Cette lettre à Mme de Sablé d’octobre 1631 donne un exemple de sa susceptibilité :
« J’ai vu cette lettre où vous me mandez qu’il y a tant de galimatias, et je vous assure que je n’y en ai point trouvé du tout, au contraire. J’ai trouvé que toutes choses y sont très bien expliquées, et entres autres une qui l’est trop bien pour mon contentement, qui est que vous avez dit à Mme la marquise de Rambouillet[1] que lorsque vous vous vouliez figurer une vie tout à fait heureuse pour vous, c’était de la passer toute seule avec Mlle de Rambouillet. Vous savez si personne peut être plus persuadée que moi de son mérite ; mais je vous avoue que cela n’a pu faire que je n’aie été surprise de voir que vous eussiez pu avoir une pensée qui fait une si grande injure à notre amitié. Car de croire que vous n’ayez dit cela à une et que vos ne l’ayez écrit à l’autre que pour leur faire un compliment agréable, j’estime trop votre courage pour pouvoir imaginer que la complaisance vous fît trahir de cette sorte les sentiments de votre cœur, surtout en un sujet où je crois que vous auriez plus de raison de les cacher, puisqu’ils ne m’étaient pas favorables ; l’affection que j’ai pour vous étant si fort dans la connaissance de tout le monde, et surtout Mlle de Rambouillet, que je doute si elle n’aura pas été plus sensible au tort que vous me faites qu’à l’avantage que vous lui donnez. L’aventure que cette lettre me soit tombée entre les mains m’a bien ramentevé[2] ces vers de Bertaut que
« Malheureuse est l’ignorance
Et plus malheureux le savoir. »
Ayant perdu par ces moyens-là une confiance qui seule me rendait la vie supportable, il n’y a pas moyen de songer à accomplir le voyage tant proposé[3] ; car y aurait-il de l’apparence de faire soixante lieues dans cette saison pour vous charger d’une personne si eu agréable qu’après tant d’années d’une passion sans pareille vous n’ayez pu vous défendre de faire consister le plus grand plaisir de votre vie à la passer sans elle ? Je m’en retourne donc dans ma solitude examiner les défauts qui me rendent si malheureuse et, à moins que de les pouvoir corriger, je ne pourrais avoir tant de joie en vous voyant que je n’eusse davantage de confusion. Je vous baise les mains et suis, etc. »

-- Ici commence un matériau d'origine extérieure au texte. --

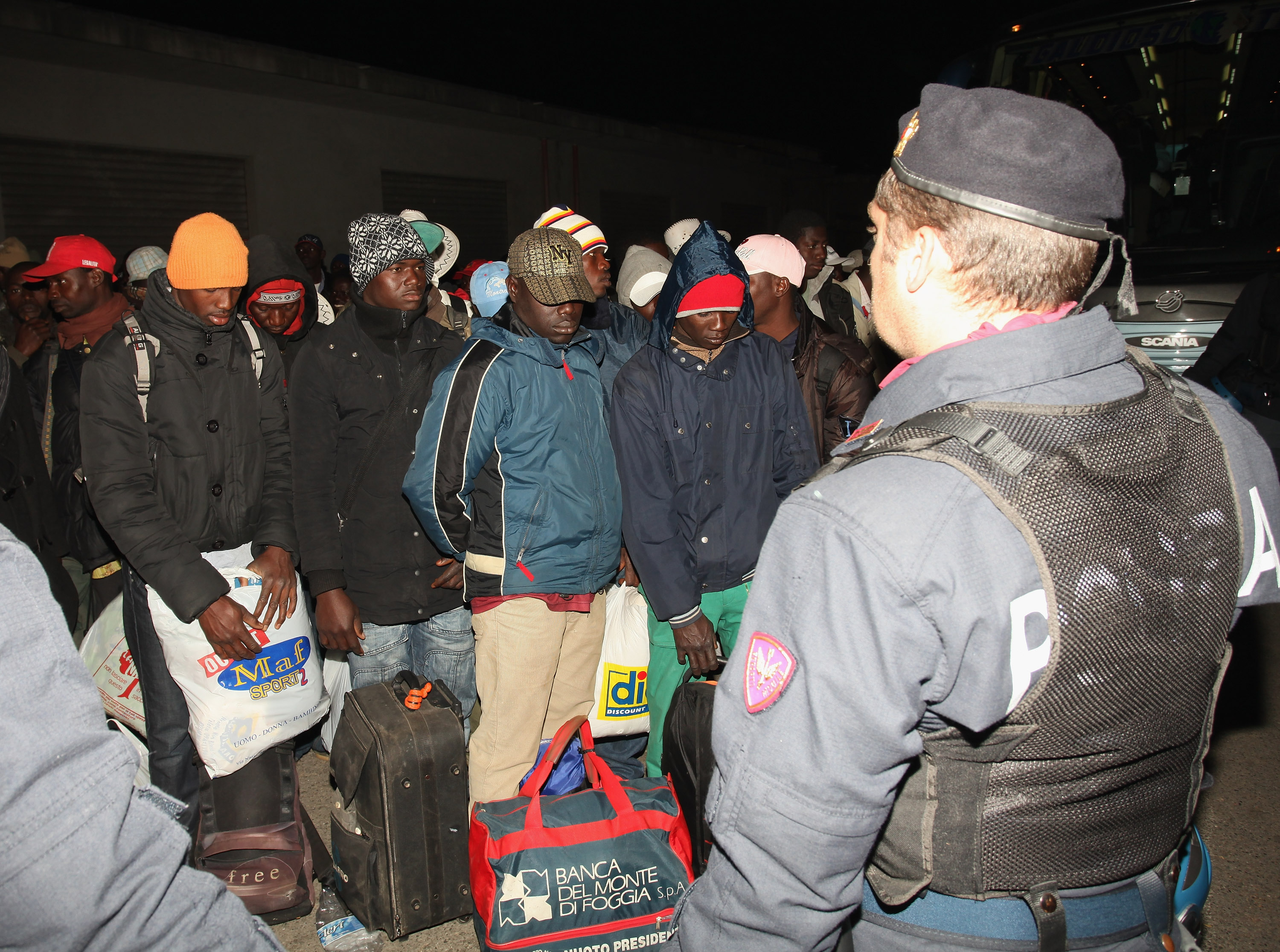 Immigrant Workers And Residents Demonstrate After Four Africans Are Wounded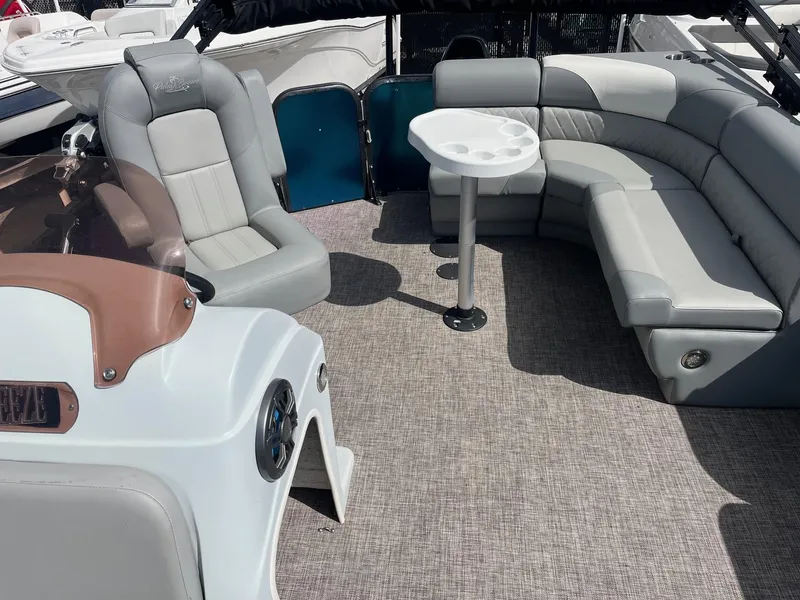Slide: The Image of 2024 Lexington 17 Emerg boat interior with gray seating and round table. - 6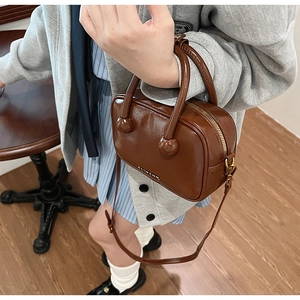 Detailaufnahme der dunkelbraunen Lacklederhandtasche mit goldenem Logo und Riemen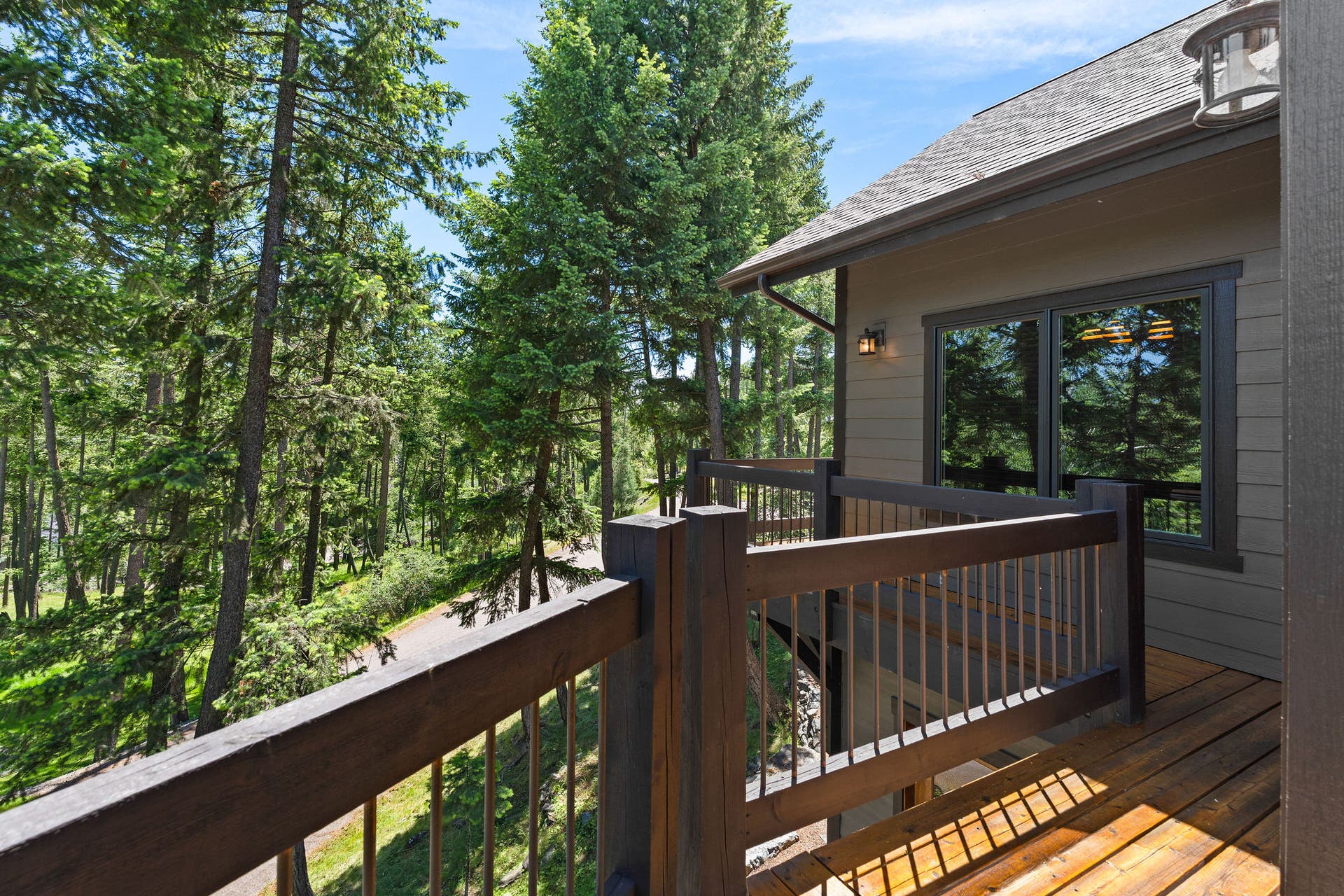 129 Bjork Drive, Bigfork, MT 59911 Deck by office window & dining area
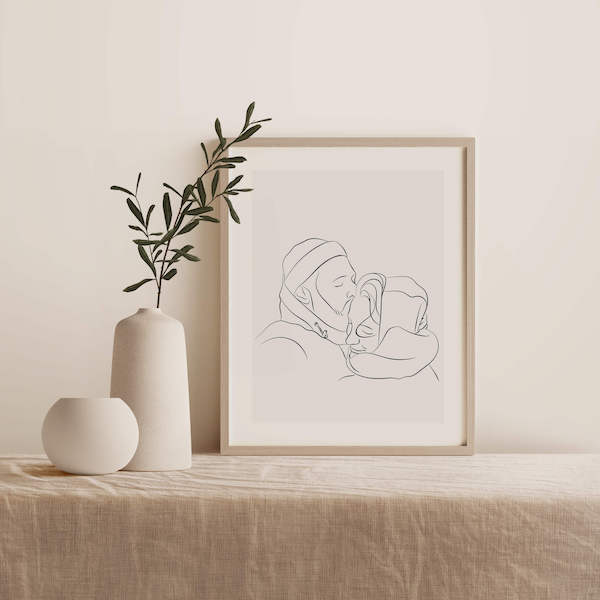 Disegno Line Art di una coppia, posizionato in una cornice su un tavolo accanto a una pianta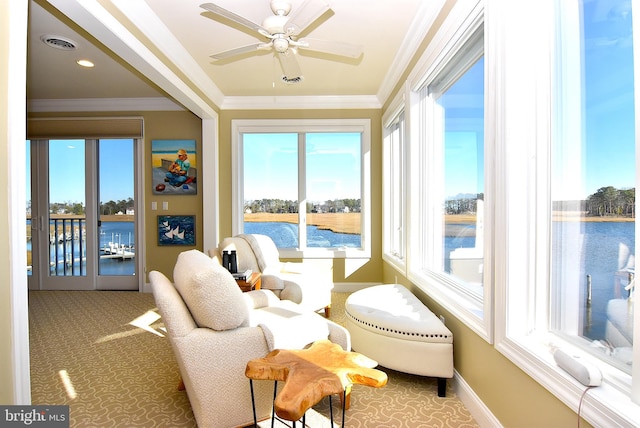 sunroom featuring ceiling fan, a water view, and a wealth of natural light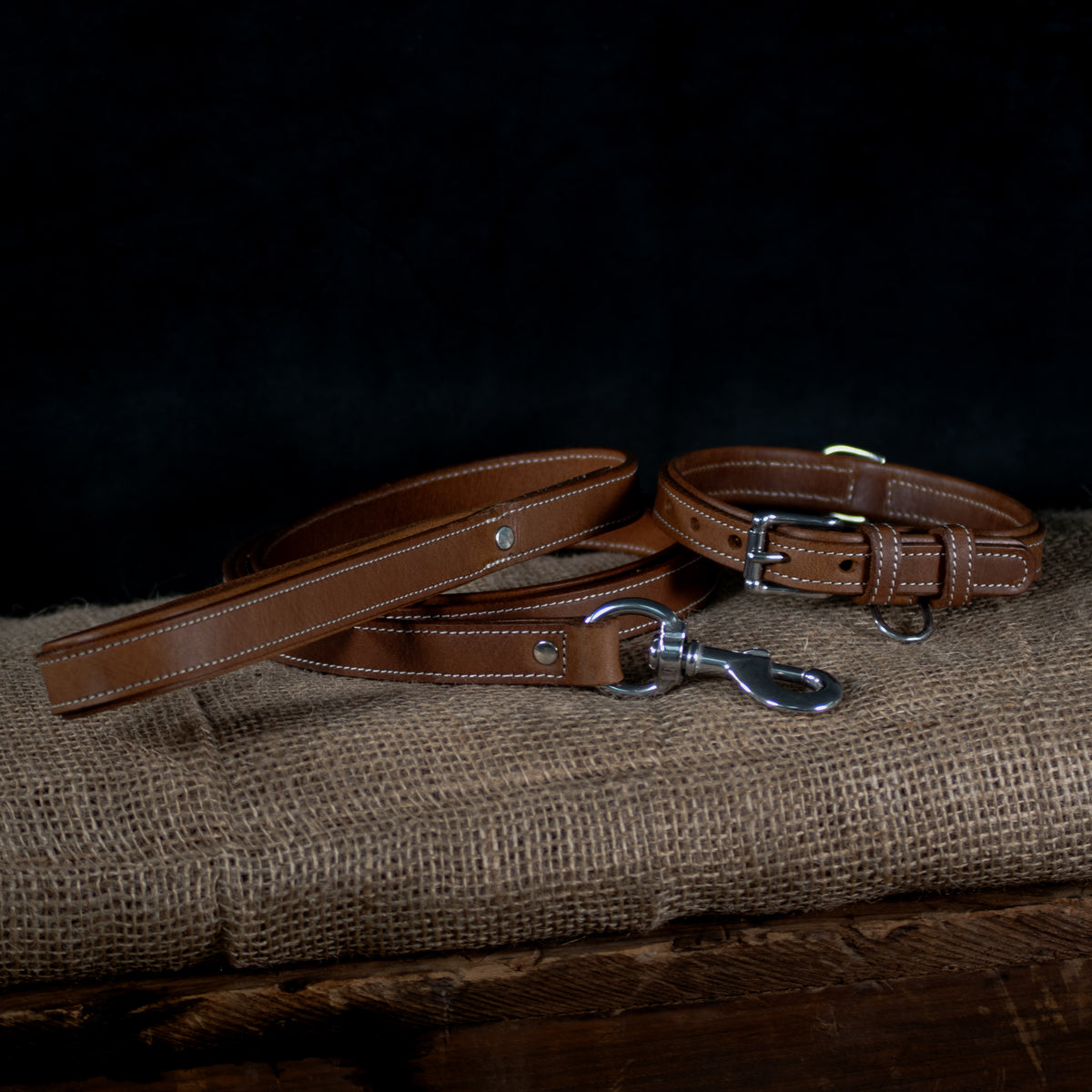The Hanks Belts Kodak Bison Leash, crafted from premium bison leather with stainless steel hardware, is displayed on burlap fabric against a dark background.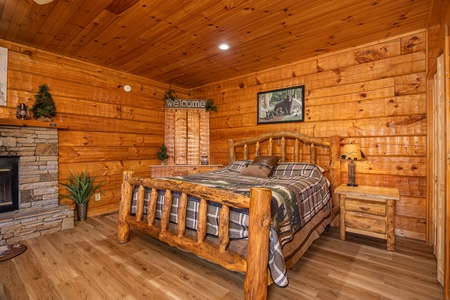Log bed at Mountain Magic, a 1 bedroom cabin rental located in Pigeon Forge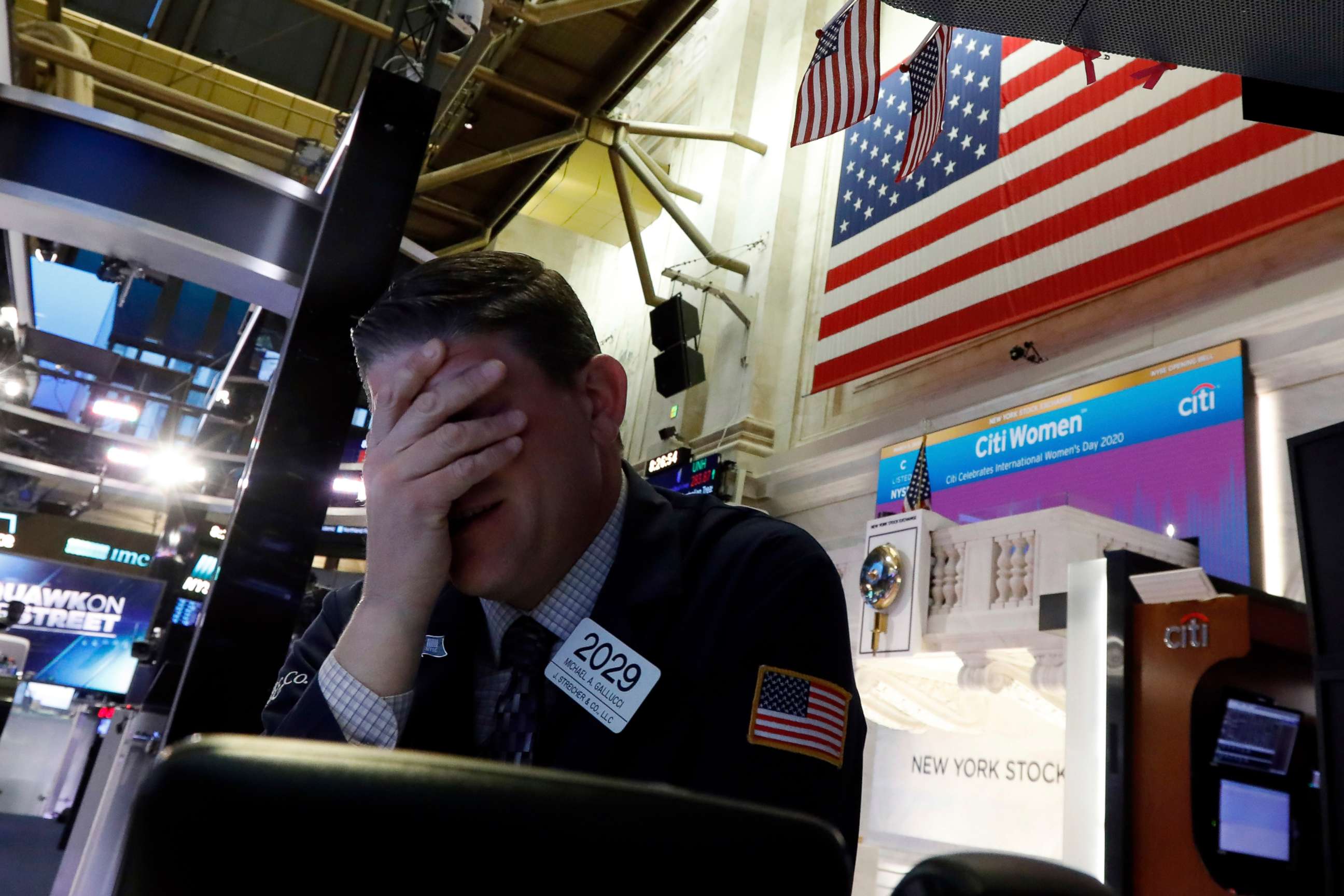 PHOTO: Trader Michael Gallucci prepares for the day's activity on the floor of the New York Stock Exchange, March 9, 2020.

[1] Ayant appris que, dans une lettre à Mlle de Rambouillet, Mme de Sablé avait écrit que son plus grand bonheur serait de passer sa vie avec elle, Mme de Maure se vexa, refusa pour un temps d’accepter les explications et ajourna le voyage à Sablé qu’elle était sur le point de faire.
[2] Remis en mémoire. Ce mot était déjà sorti de l’usage au XVIIe siècle.
[3] Vers les terres de Mme de Sablé.